● **Action item**: Take the line that contains "GG Plus Monogram" and every line below it to the end of the entries, and give them again exactly, leaving out any pictures.

● **Provided records**:
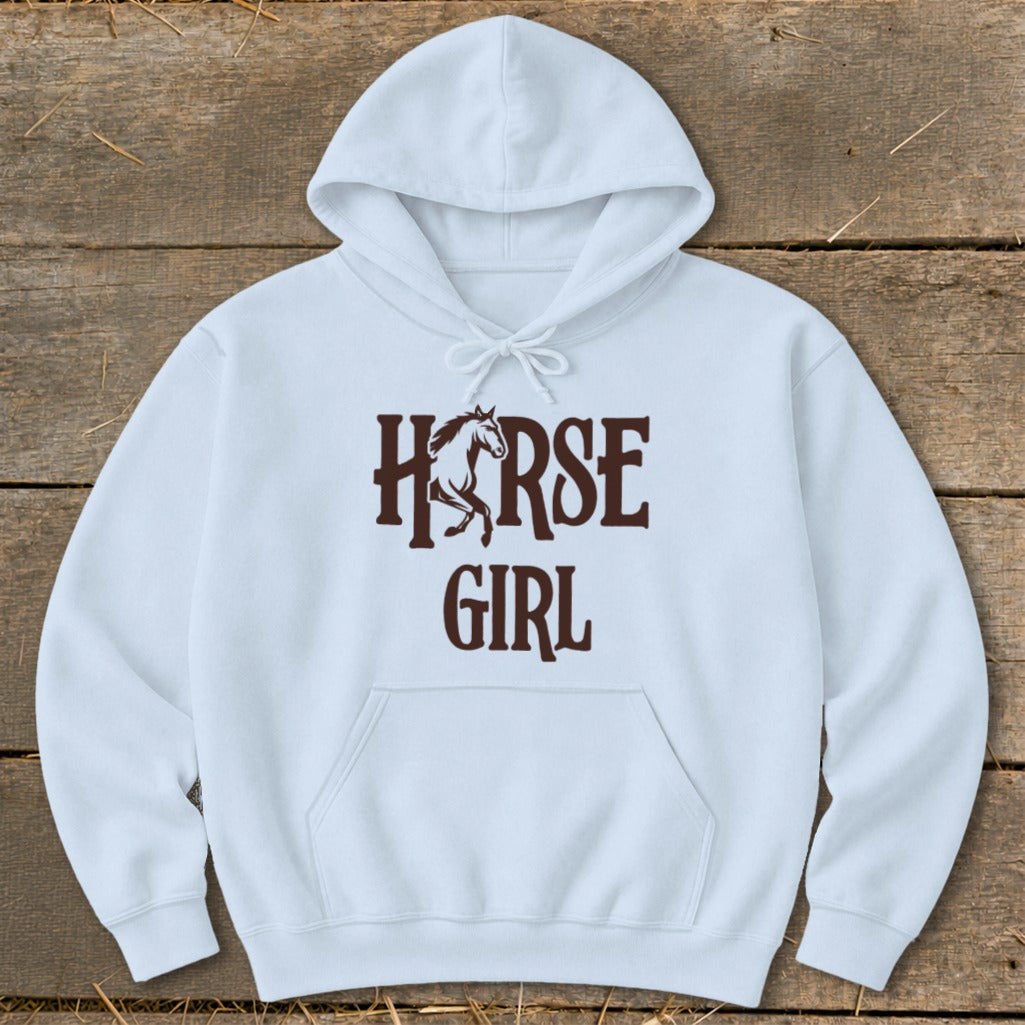 Light blue hoodie with dark brown "HORSE GIRL" text and horse graphic.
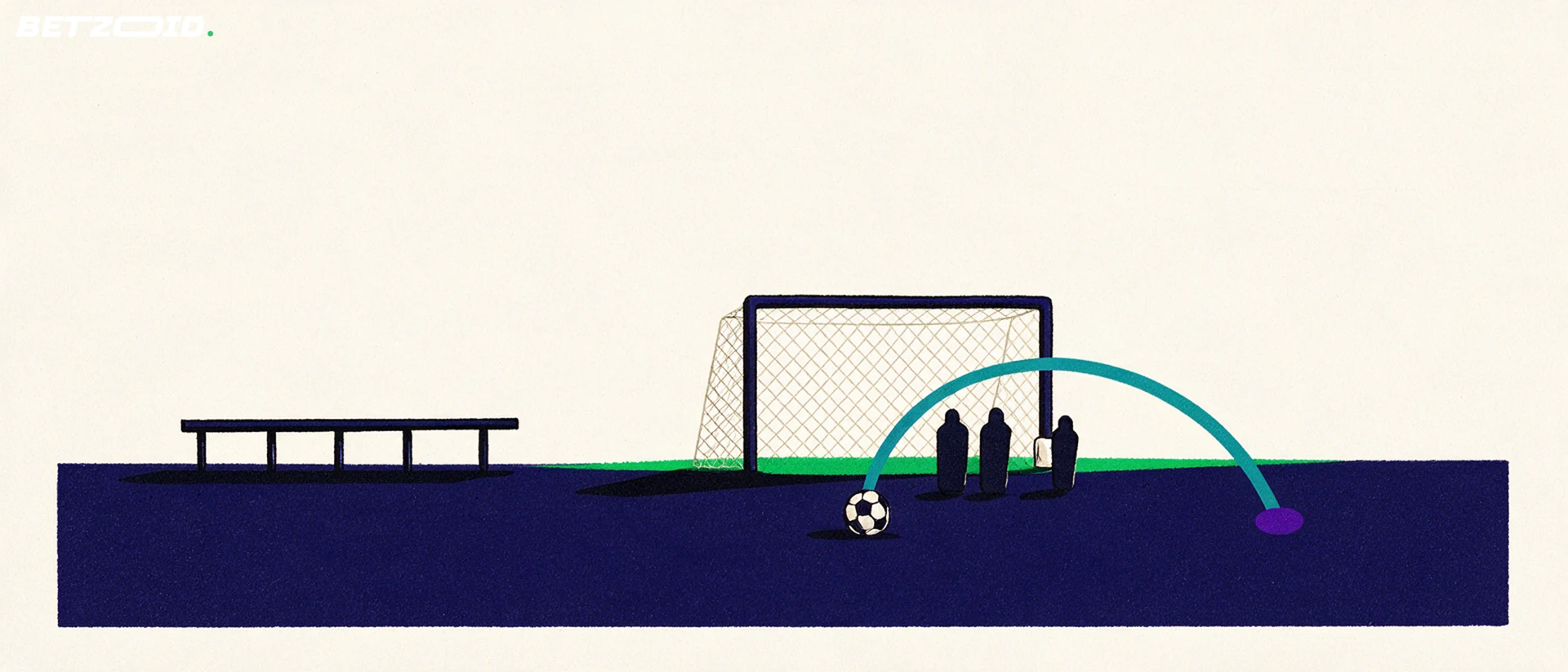 Illustration of a football pitch, ball and tactical analysis.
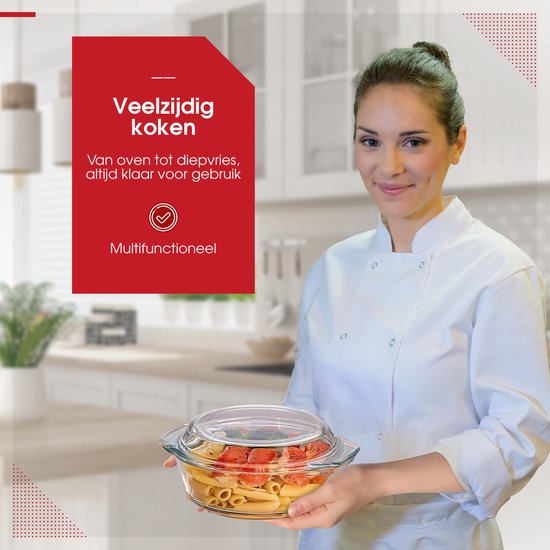 HGMD Ovenschalen Set - 3 Delig - 1L - 1,6L - 2,2L - Rechthoekig - Glas - Vaatwasserbestendig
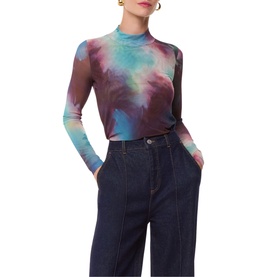 Printed Turtleneck Mesh Top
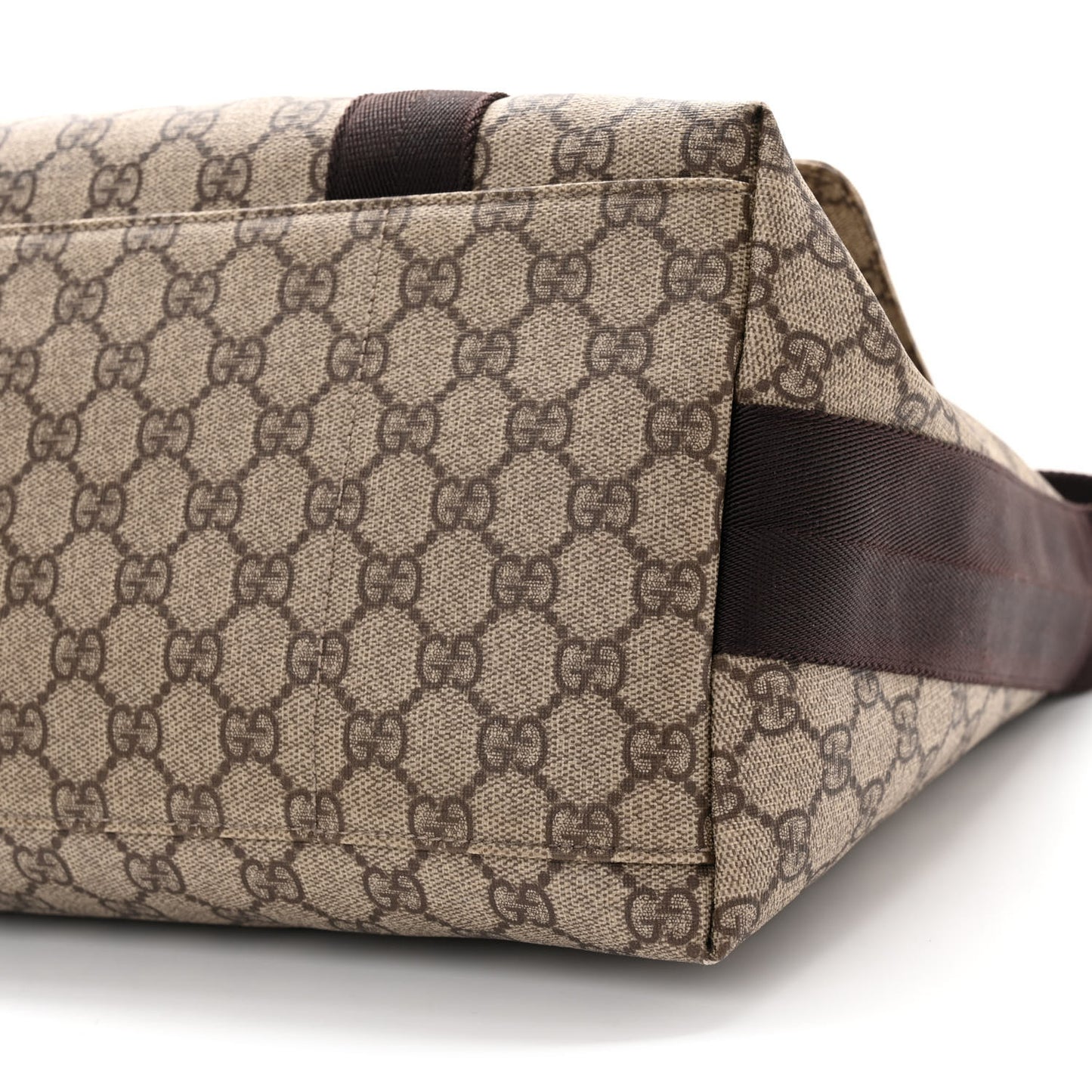 GG Plus Monogram Double Buckle Flap Messenger Bag Beige Ebony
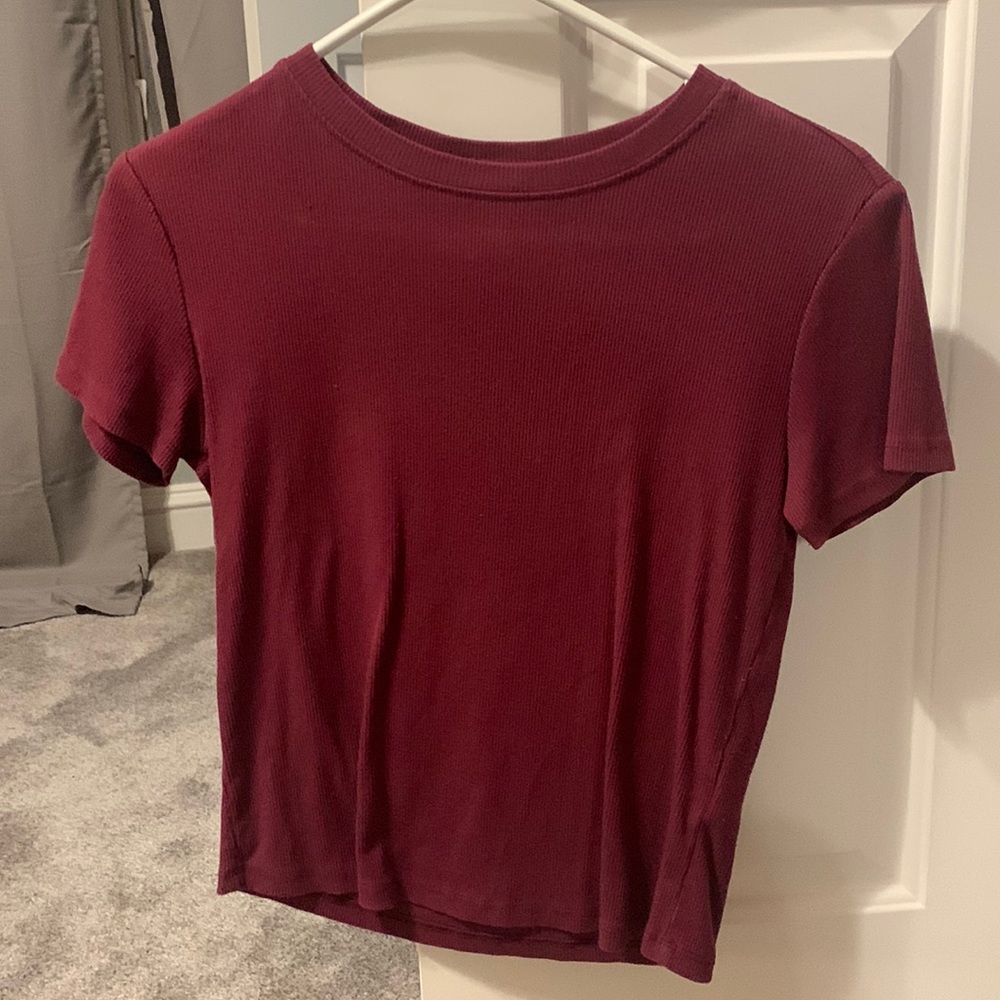Ultra Flirt Maroon Ribbed Tee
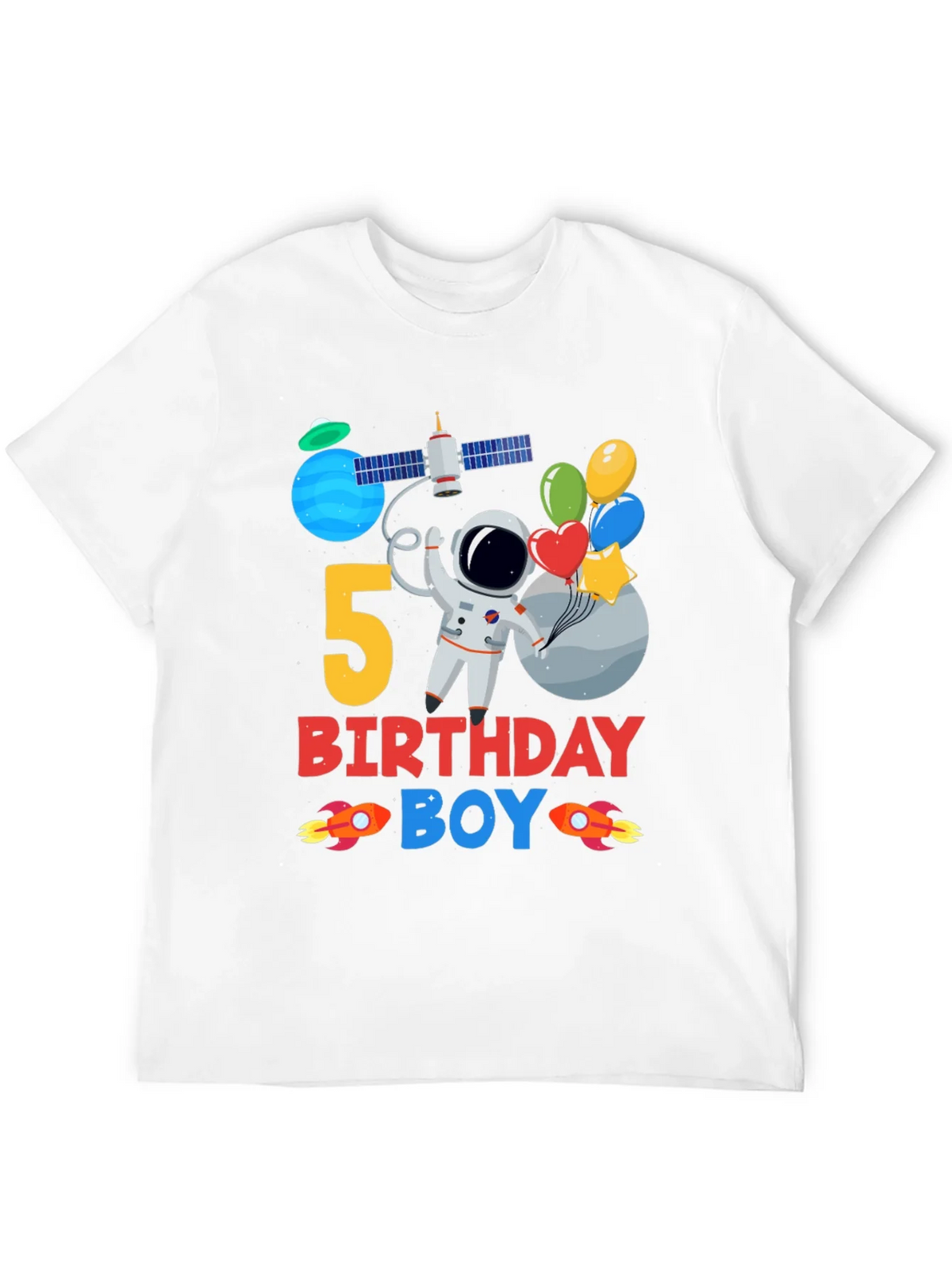5th Birthday Boy Space T-Shirt product image 11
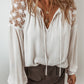 Lace Detail Tie Neck Long Sleeve Blouse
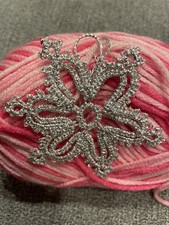 15 Stück Occhi Handarbeit silber Weihnachtsbaum Schmuck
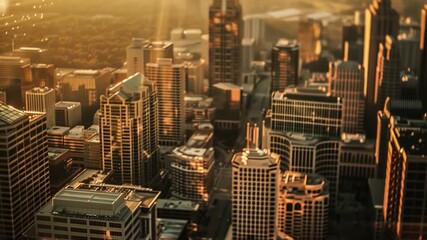 Aerial view of a city's skyline at sunset with vibrant colors and urban architecture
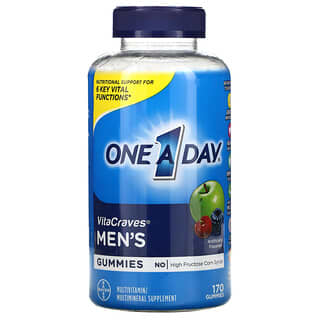 One-A-Day, VitaCraves para hombres, Suplemento multivitamínico y multimineral, 170 gomitas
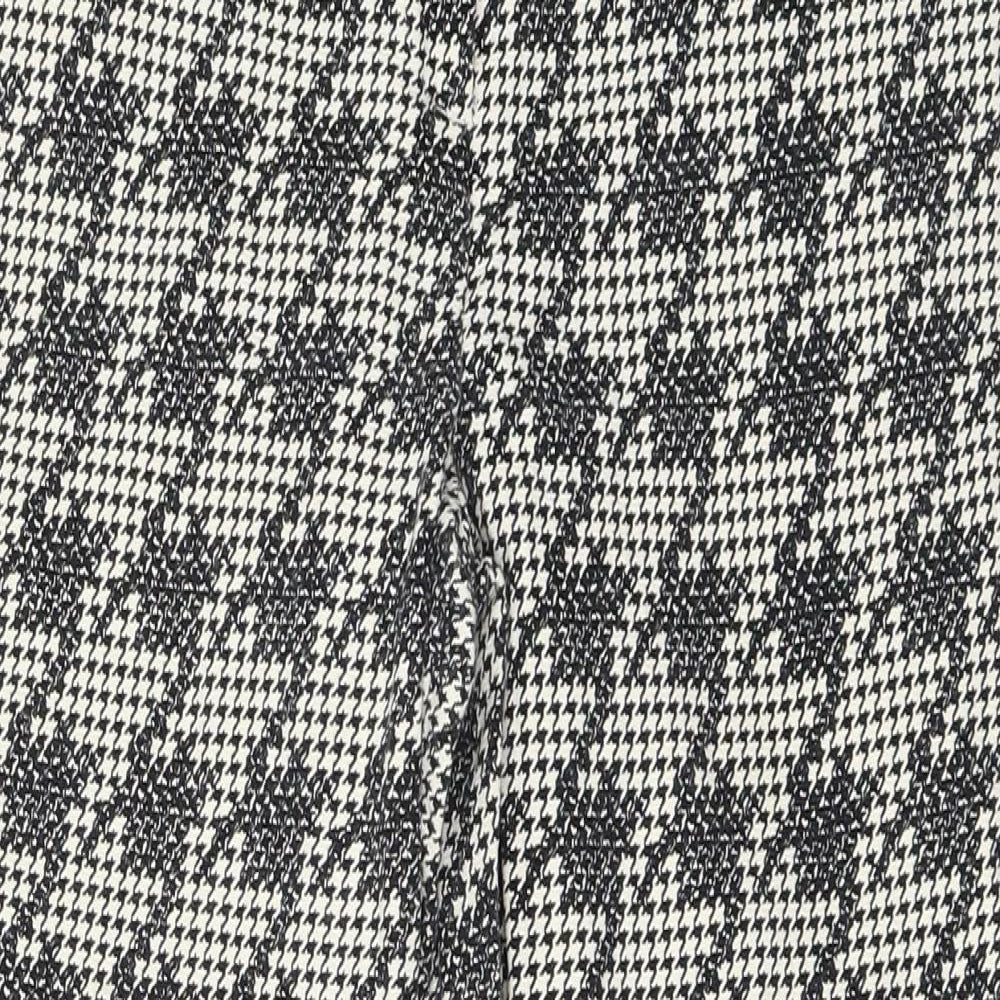 Topshop Womens Ivory Houndstooth  Cropped Trousers Size 10 L23 in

● **Result**:
 GG Plus Monogram Double Buckle Flap Messenger Bag Beige Ebony
Ultra Flirt Maroon Ribbed Tee
5th Birthday Boy Space T-Shirt product image 11
 Lace Detail Tie Neck Long Sleeve Blouse
 15 Stück Occhi Handarbeit silber Weihnachtsbaum Schmuck
 Aerial view of a city's skyline at sunset with vibrant colors and urban architecture
 One-A-Day, VitaCraves para hombres, Suplemento multivitamínico y multimineral, 170 gomitas
 Topshop Womens Ivory Houndstooth  Cropped Trousers Size 10 L23 in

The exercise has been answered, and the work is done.